BEIJING, TIONGKOK – Media OutReach Newswire – Seiring berlangsungnya Forum Nishan ke-11 tentang Peradaban Dunia di Kota Qufu, Tiongkok Timur, CGTN menerbitkan artikel yang menyoroti pentingnya dialog dan saling belajar antarperadaban guna mendorong koeksistensi yang harmonis, kemakmuran bersama, serta pelestarian nilai-nilai tradisional di tengah tantangan zaman modern.

“Apakah bukan suatu kegembiraan memiliki teman yang datang dari jauh?” Pertanyaan pembuka dan pepatah terkenal dari Analek Konfusius ini menjadi kenyataan hidup saat para ahli dan cendekiawan dari seluruh dunia berkumpul dalam Forum Nishan ke-11 di Kota Qufu, yang merupakan tempat kelahiran pemikir dan pendidik besar Tiongkok, Konfusius (551-479 SM).

Forum ini dinamai dari Gunung Nishan, yang sebelumnya dikenal sebagai Bukit Ni Qiu, sekitar 30 kilometer tenggara Qufu.
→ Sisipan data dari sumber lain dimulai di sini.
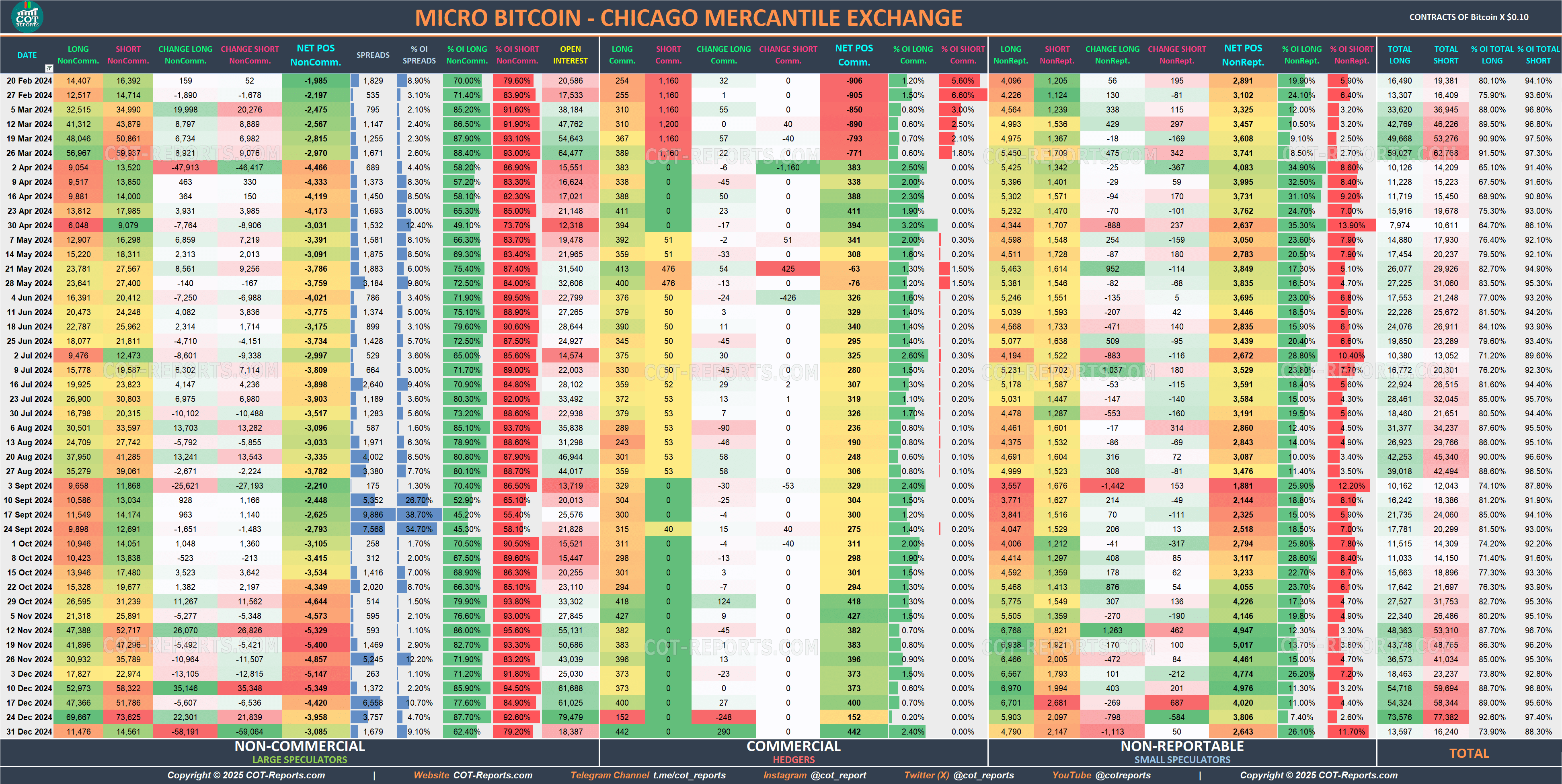 2024 Micro-Bitcoin MBT Detailed COT Report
Sejak pertama kali diadakan pada tahun 2010, forum ini menjadi platform penting untuk memahami Tiongkok serta memfasilitasi pertukaran budaya dan peradaban internasional.
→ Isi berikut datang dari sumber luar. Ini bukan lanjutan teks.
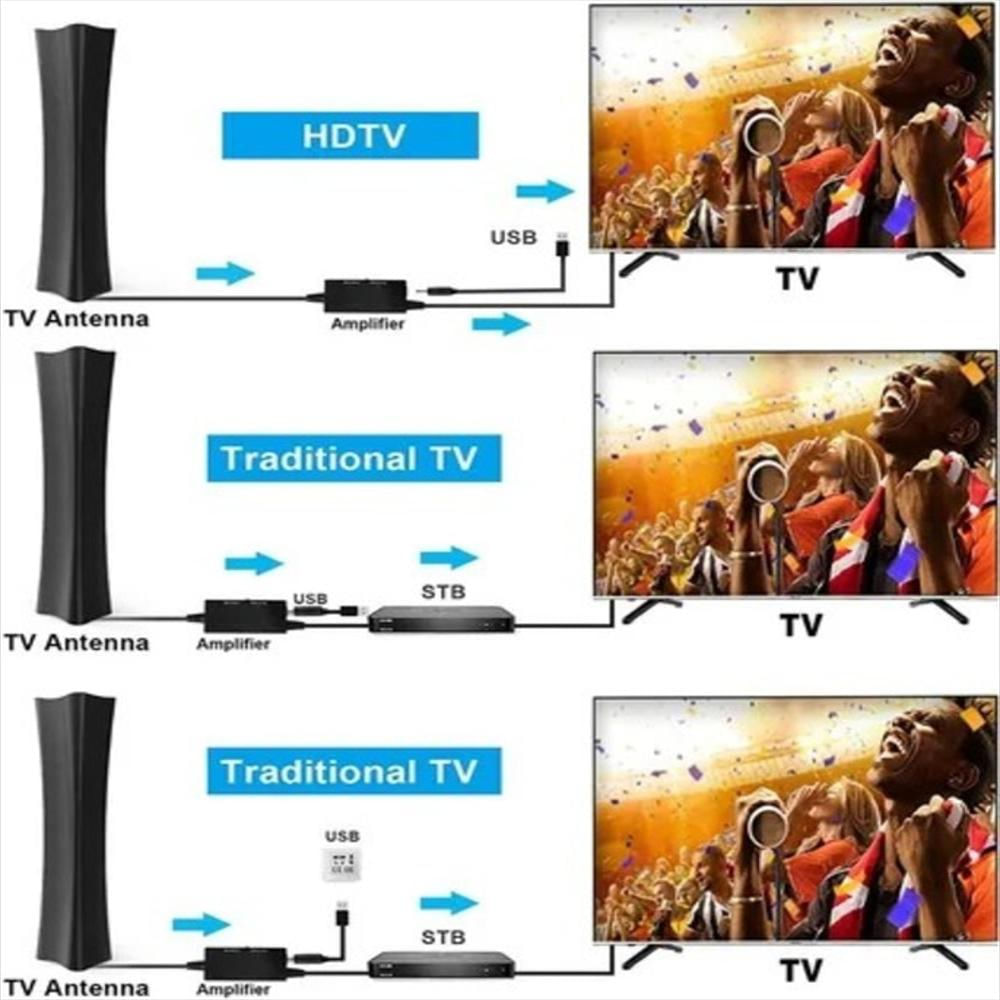 Antena Tdt 80Km + Amplificador Digital Tv 3En1 Diseño Lujo img #3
Berlangsung dari Rabu hingga Kamis, Forum Nishan ke-11 menarik lebih dari 500 pemimpin dunia, sarjana, dan tokoh budaya untuk mengeksplorasi peran kebijaksanaan kuno dalam membentuk dunia modern dengan tema “Keindahan dalam Keberagaman: Memupuk Pemahaman Antarperadaban untuk Modernisasi Global.”
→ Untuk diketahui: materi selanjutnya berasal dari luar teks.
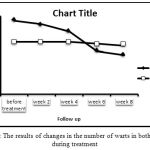 Figure 1: The results of changes in the number of warts in both groups during treatment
Penekanan pada Pemahaman Antarperadaban

Para sarjana di forum menegaskan peran penting pertukaran budaya dan pembelajaran bersama antarperadaban dalam kemajuan umat manusia.

Menanggapi munculnya kembali konflik bersenjata di dunia yang penuh gejolak saat ini, Duta Besar Madagaskar untuk Tiongkok, Jean Louis Robinson, memuji peran forum ini dalam mempromosikan koeksistensi harmonis dan kemakmuran bersama di antara beragam budaya dan peradaban yang semakin penting.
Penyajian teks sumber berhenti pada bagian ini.